BOT-annuity contracts offer the government an advantage over EPC contracts because the project risk is borne by the contractor, said Parvesh Minocha, managing director, Feedback Infrastructure Services Pvt. Ltd, an infrastructure consultancy.

“Having said that, BOT-annuity is 10-15% costlier compared with EPC, as contractors typically raise money at an interest of anywhere between 11.5% and 12.5% compared with 8-9%, which the government has to pay," he said.

The highways ministry was working out a revised model for EPC contracting to make bidding more transparent, Mint had reported on 20 November. The ministry is considering the award of engineering work to contractors under the EPC model, according to the report.

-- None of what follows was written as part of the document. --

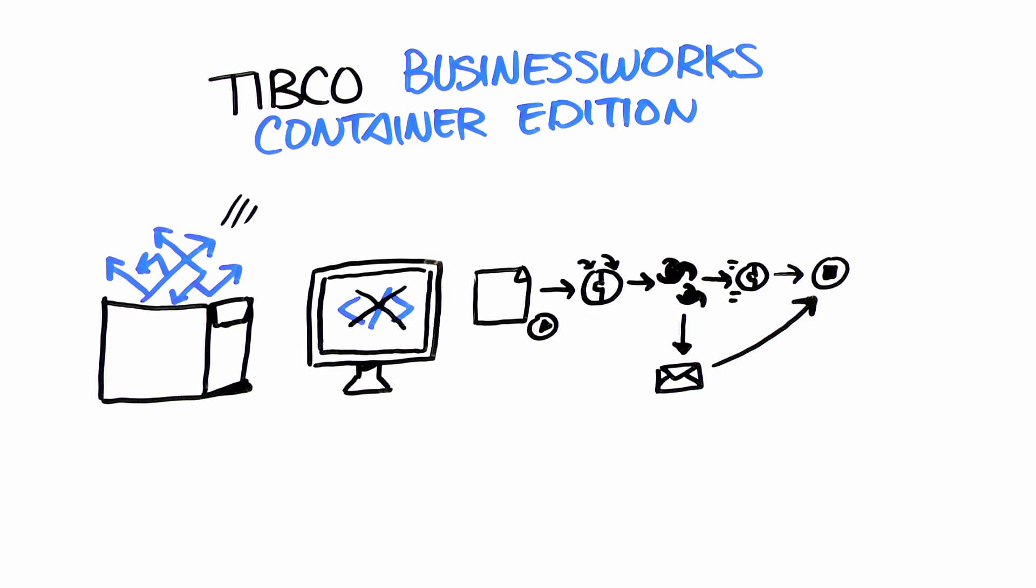You just drag and drop the messaging palette onto the design window to ensure secure, reliable, and highly scalable delivery of messages between services.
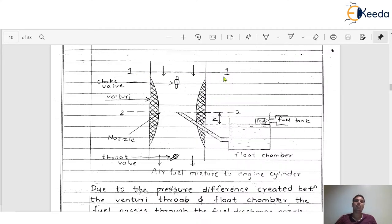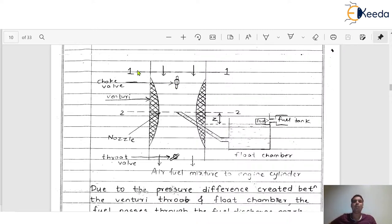The other side carries the air-fuel mixture to the engine cylinder through the throat. Section 1-1 is the initial entry section of air, and section 2-2 is the throat section. The throat section — or the jet of the nozzle — is z meters above the liquid surface inside the float chamber. There is always a distance z between the jet of the nozzle and the liquid level inside the float chamber. Section 1-1 is for air; section 2-2 is for both air and fuel. We already calculated mass of air and mass of fuel by neglecting compressibility in the earlier derivation. Now we consider the effect of compressibility of air.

Currently, contractors typically execute only procurement and construction as part of EPC contracts, while engineering and design are the responsibility of government-contracted consultancies. Contractors currently place their bids on the basis of costs incurred on road construction.

India’s apex planning agency now wants to award such contracts on a turnkey basis, under which the lowest bidder will be awarded the contract and will be responsible for building the road and maintaining it for a specified period, Mint reported.

Highways minister C.P. Joshi in a telephonic interview last Sunday that a model EPC agreement would soon be finalized and sent to the cabinet for approval. He did not comment on the finance ministry’s stand on EPC contracts.

Sangeeta Singh contributed to this story.